My next Canon camera was a Canon New F-1, top of the range. It cost me nearly a whole month salary. Later I bought a FD 50 mm f/1.2L when I was more serious in photography and taking more rolls of film. So this has become my everyday camera since then. Now if I remember the equipment items I used in the past and compare them with the current outfit: the Leica M9 with the Summicron-M 50mm f/2.0, they are almost identical. So my question is: am I making progress or staying in the same?
We now apparently have better photo-taking tools, do we make better photography? Especially if you want to switch from a DSLR or mirrorless camera to the Leica rangefinder camera, you have to bear in mind missing the following features which are supposed very common nowadays:
- The Leica rangefinder camera has no autofocus function.
- The Leica rangefinder has no zoom lens (don’t expect a travel zoom)
- The Leica rangefinder has very limited automatic exposure functions (only aperture priority)
- The Leica rangefinder lenses has limited capability of taking close-ups (the closest distance is around 0.7m)
- The Leica rangefinder has no image stabilising function (in camera or lens)

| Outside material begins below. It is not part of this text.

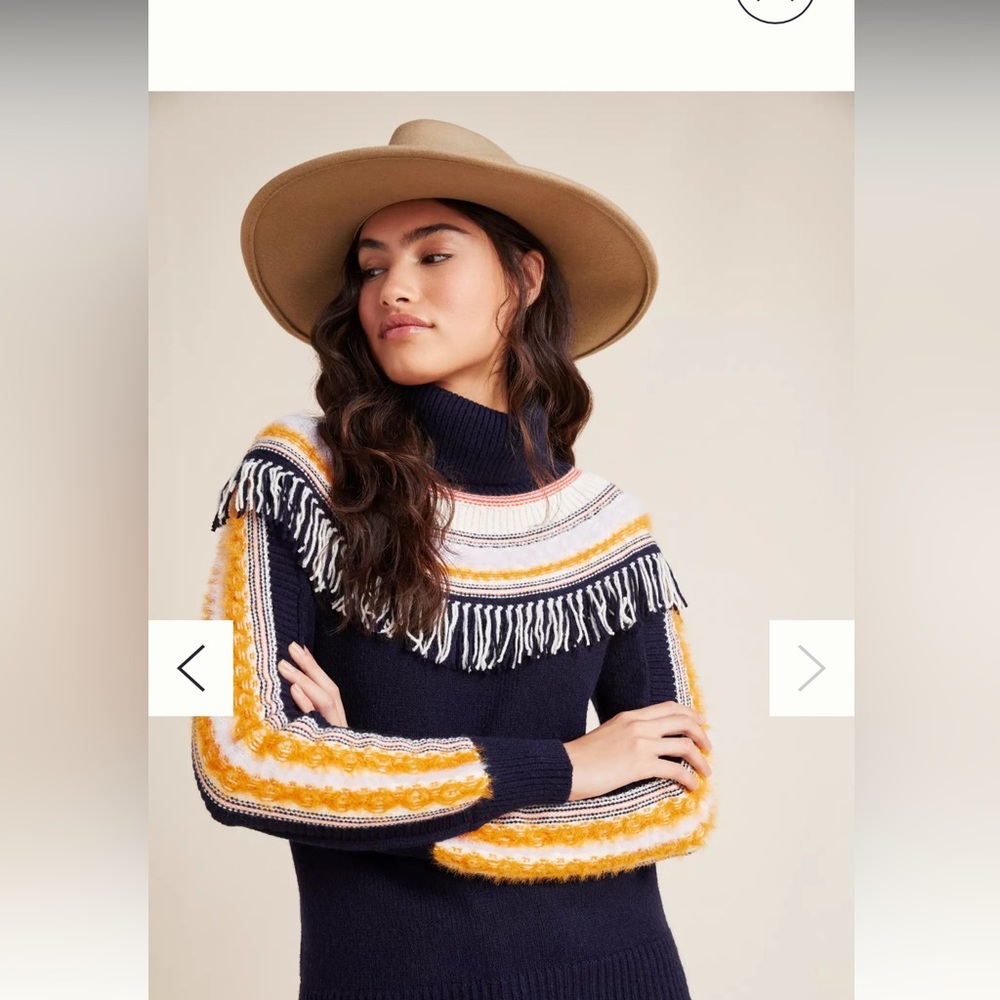Anthropologie Magherita Nordic fringe turtleneck sweater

Is the new Leica M (Type 240) making a departure? Not really. However, the new Leica M has already set a new standard for the rangefinder camera. As we are reading growing numbers of reviews and user reports, I noticed the Leica M is not just a face-off. It is a big leap forward compared with the Leica M9. This has little to do with the outward appearances, although you still can spot the differences at the front and the rear. I have no dispute with the fact that the new M (Type 240) has a brand new internal: the 24MP Maestro CMOS sensor, the HD movie recording capability and the Live View display when taking video on the rear LCD monitor. The luminance noise and chroma noise of the new Leica M are also much better than those of the Leica M9 thanks to the new sensor. You can have the option of GPS and WiFi in the new handgrip. If you want to study further details, read the article called The M Delivers written by Michael J. Hussmann on the 3/2013 April issue of LFI magazine. So if you ask me to choose between the Leica M-E or the Leica M, I would suggest you to go for the latter, although there is a significant price difference. The Leica M is truly a flagship of Leica.
The Leica rangefinder is a camera not for everyone, not because of the price tag, but the style of taking photographs. It calls for a back-to-basic attitude to photography: why do I take this photograph and what does the subject mean to me? Many people collect the Leica rangefinder cameras for aesthetic design or investment. It is just a waste a time and money if you do not fully use this wonderful camera. I want to tell you honestly that I have been using my Leica M9 to take more photographs than using the Canons, and I enjoy every moment with the Leica rangefinder camera.
I am not sure if this quote is from Henri Cartier-Bresson. He once said, “Shooting with a LEICA is like a long tender kiss, like firing an automatic pistol, like an hour on the analyist’s (analyst?) couch.”